In [2]:
!pip install imbalanced-learn
# https://machinelearningmastery.com/semi-supervised-learning-with-label-propagation/ 



In [14]:
import pandas as pd
import matplotlib.pyplot as plt
import numpy as np
from collections import Counter
from imblearn.over_sampling import SMOTE
from sklearn.model_selection import train_test_split, GridSearchCV
from sklearn.ensemble import RandomForestClassifier
import pickle
from sklearn.model_selection import RandomizedSearchCV
from sklearn.metrics import classification_report, accuracy_score, f1_score, roc_curve, auc
from sklearn.semi_supervised import LabelPropagation

In [4]:
data = pd.read_csv('Data-PR-As2\creditcard.csv')

X = data.drop(columns = ['Time','Amount','Class'])
y = data['Class']

print(f"Original class distribution: {Counter(y)}")


Original class distribution: Counter({0: 284315, 1: 492})


In [5]:
# https://www.turing.com/kb/smote-for-an-imbalanced-dataset 

smote = SMOTE(sampling_strategy = 'auto', k_neighbors = 5, random_state = 12) 
X_balanced, y_balanced = smote.fit_resample(X, y)

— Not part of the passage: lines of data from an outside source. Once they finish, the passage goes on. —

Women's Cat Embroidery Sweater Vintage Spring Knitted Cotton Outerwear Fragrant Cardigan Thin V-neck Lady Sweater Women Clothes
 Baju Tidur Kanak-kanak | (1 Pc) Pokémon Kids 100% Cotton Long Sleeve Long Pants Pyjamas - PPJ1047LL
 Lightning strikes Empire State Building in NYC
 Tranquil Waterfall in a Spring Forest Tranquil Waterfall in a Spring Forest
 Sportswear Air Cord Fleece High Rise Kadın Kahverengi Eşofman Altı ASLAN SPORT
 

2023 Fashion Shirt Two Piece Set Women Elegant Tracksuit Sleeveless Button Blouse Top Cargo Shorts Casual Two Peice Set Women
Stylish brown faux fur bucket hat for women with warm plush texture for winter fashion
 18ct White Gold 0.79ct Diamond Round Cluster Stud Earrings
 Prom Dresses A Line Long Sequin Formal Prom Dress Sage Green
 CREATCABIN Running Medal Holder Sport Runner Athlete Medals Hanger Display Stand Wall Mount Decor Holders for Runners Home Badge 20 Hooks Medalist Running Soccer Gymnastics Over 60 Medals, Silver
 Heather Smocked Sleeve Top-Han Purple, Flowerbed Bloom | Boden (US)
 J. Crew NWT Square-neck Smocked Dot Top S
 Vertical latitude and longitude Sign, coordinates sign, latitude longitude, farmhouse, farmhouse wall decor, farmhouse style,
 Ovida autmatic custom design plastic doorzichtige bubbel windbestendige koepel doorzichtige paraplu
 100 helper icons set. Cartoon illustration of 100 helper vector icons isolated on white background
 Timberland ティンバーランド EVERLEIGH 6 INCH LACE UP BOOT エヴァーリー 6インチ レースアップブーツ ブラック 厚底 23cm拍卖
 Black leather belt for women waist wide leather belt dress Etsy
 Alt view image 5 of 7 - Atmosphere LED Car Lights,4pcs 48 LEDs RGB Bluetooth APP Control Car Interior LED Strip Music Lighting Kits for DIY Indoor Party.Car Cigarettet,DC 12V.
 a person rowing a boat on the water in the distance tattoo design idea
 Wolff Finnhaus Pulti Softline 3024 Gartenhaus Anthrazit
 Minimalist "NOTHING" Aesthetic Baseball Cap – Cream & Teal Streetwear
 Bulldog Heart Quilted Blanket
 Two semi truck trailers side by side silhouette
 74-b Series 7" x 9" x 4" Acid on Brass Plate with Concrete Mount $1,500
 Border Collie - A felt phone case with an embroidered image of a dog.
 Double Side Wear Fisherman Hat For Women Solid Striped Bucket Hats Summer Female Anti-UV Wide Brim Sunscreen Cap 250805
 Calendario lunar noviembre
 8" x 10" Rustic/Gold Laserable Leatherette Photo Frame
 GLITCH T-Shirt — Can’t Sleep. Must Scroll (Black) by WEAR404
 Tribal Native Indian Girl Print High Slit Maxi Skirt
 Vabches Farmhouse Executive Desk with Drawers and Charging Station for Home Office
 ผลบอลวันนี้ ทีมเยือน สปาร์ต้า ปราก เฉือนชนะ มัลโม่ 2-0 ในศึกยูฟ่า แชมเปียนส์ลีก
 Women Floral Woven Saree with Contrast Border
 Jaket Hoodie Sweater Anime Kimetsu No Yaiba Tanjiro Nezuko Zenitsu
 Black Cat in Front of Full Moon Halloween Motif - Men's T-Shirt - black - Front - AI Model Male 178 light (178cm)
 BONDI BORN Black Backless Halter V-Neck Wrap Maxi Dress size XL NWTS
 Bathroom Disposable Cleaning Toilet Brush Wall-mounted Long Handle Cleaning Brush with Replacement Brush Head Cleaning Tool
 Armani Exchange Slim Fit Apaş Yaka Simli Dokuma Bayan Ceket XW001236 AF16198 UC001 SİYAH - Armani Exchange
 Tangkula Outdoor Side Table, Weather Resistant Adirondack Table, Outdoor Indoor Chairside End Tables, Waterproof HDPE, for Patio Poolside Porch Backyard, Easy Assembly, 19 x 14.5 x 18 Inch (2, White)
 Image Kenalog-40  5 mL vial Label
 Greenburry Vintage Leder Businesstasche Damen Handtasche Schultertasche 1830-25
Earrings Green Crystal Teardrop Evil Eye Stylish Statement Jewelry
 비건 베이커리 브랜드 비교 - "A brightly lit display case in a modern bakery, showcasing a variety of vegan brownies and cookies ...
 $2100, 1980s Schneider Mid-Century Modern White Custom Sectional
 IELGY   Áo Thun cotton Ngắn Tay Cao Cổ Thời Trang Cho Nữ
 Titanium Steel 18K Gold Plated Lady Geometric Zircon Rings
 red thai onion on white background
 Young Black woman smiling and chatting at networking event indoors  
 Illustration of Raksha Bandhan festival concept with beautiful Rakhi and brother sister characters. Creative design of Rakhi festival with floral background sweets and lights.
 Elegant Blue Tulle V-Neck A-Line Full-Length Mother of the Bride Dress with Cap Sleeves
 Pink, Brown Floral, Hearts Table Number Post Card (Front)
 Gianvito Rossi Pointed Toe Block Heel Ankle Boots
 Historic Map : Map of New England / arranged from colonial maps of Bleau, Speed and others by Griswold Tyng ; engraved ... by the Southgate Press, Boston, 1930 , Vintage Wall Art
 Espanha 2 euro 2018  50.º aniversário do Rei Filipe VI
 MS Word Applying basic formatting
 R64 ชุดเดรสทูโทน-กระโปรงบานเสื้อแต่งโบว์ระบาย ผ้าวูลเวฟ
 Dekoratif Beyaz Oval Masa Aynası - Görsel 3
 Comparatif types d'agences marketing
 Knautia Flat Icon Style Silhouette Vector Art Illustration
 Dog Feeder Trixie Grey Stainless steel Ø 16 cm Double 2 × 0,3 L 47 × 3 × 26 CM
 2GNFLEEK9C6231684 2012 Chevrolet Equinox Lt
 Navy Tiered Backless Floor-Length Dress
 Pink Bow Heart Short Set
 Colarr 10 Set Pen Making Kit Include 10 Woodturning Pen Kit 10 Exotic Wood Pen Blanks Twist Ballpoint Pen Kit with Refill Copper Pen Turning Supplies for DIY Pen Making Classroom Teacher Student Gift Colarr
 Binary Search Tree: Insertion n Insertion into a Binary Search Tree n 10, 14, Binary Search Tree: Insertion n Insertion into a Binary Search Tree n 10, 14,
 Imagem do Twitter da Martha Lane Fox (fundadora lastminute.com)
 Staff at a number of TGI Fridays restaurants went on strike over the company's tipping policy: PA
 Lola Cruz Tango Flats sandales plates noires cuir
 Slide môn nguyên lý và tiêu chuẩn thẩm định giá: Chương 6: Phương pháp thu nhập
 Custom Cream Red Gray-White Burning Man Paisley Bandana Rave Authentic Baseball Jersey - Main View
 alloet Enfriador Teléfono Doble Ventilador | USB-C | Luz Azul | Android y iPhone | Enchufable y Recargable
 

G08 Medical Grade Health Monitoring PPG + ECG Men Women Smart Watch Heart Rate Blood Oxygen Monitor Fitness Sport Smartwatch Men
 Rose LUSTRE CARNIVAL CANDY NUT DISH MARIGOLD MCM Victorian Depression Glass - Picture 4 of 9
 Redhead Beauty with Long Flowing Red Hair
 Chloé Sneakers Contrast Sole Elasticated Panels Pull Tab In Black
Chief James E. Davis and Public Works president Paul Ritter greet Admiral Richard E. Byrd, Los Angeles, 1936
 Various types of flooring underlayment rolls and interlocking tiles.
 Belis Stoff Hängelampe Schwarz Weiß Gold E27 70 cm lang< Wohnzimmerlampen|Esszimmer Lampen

print(f"Balanced class distribution: {Counter(y_balanced)}")

Shape of X_balanced: (568630, 28)
Length of y_balanced: 568630
Balanced class distribution: Counter({0: 284315, 1: 284315})


In [6]:
# Split into train / test (80-20)
X_train, X_test, y_train, y_test = train_test_split(X_balanced, y_balanced, test_size = 0.2, stratify = y_balanced, random_state = 12)

num_items_X_train = X_train.shape[0]
print(num_items_X_train)

# Split train set into labled / unlabeled (30-70)
X_train_lab, X_train_unlab, y_train_lab, y_train_unlab = train_test_split(X_train, y_train, test_size=0.7, stratify=y_train, random_state=12)

print(f"Train set class distribution: {Counter(y_train)}")
print(f"Test set class distribution: {Counter(y_test)}")

print(f"Labeled training set shape: {X_train_lab.shape}")
print(f"Unlabeled training set shape: {X_train_unlab.shape}")
print(f"Labeled training set class distribution: {Counter(y_train_lab)}")

454904
Train set class distribution: Counter({0: 227452, 1: 227452})
Test set class distribution: Counter({1: 56863, 0: 56863})
Labeled training set shape: (136471, 28)
Unlabeled training set shape: (318433, 28)
Labeled training set class distribution: Counter({0: 68236, 1: 68235})


In [7]:
# Baseline RF classifier

rf = RandomForestClassifier(n_estimators=100, random_state=12)
rf.fit(X_train_lab, y_train_lab)

In [8]:

y_pred = rf.predict(X_test)
accuracy_baseline = accuracy_score(y_test, y_pred)
print("Accuracy:", accuracy_baseline)

f1_baseline = f1_score(y_test, y_pred)
print("F1 Score:", f1_baseline)

Accuracy: 0.9996306913106942
F1 Score: 0.9996308146689639


In [9]:
with open('semi_supervised_rf.pkl', 'wb') as file: 
    pickle.dump(rf, file) 

In [10]:
# semi-supervised model - step 3
# https://medium.com/geekculture/semi-supervised-learning-label-propagation-for-classification-1963439531cb

y_train_unlab[:] = -1

X_train_semi_sup = np.vstack((X_train_lab, X_train_unlab))
y_train_semi_sup = np.concatenate((y_train_lab, y_train_unlab))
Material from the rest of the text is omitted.